▶ _Data supplied_:
= = = = =

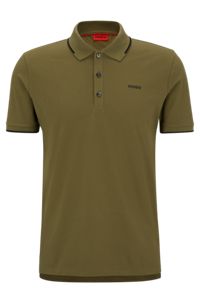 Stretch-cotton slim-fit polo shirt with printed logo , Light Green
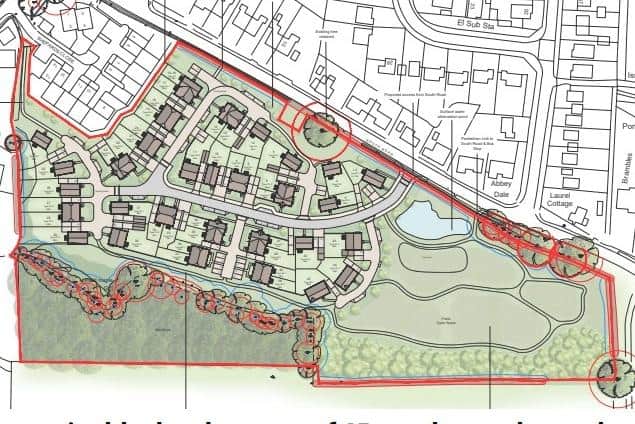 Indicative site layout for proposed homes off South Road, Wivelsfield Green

= = = = =

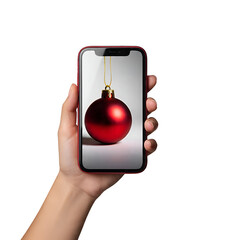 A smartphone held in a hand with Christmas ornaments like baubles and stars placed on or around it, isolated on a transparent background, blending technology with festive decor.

= = = = =

▶ _Directions for this task_: Transcribe the listing above exactly, but only from the line with "Stretch-cotton slim-fit polo" through the line with "Indicative site layout". Include both of those lines and omit the pictures.

▶ _Task answer_:
 Stretch-cotton slim-fit polo shirt with printed logo , Light Green
 Indicative site layout for proposed homes off South Road, Wivelsfield Green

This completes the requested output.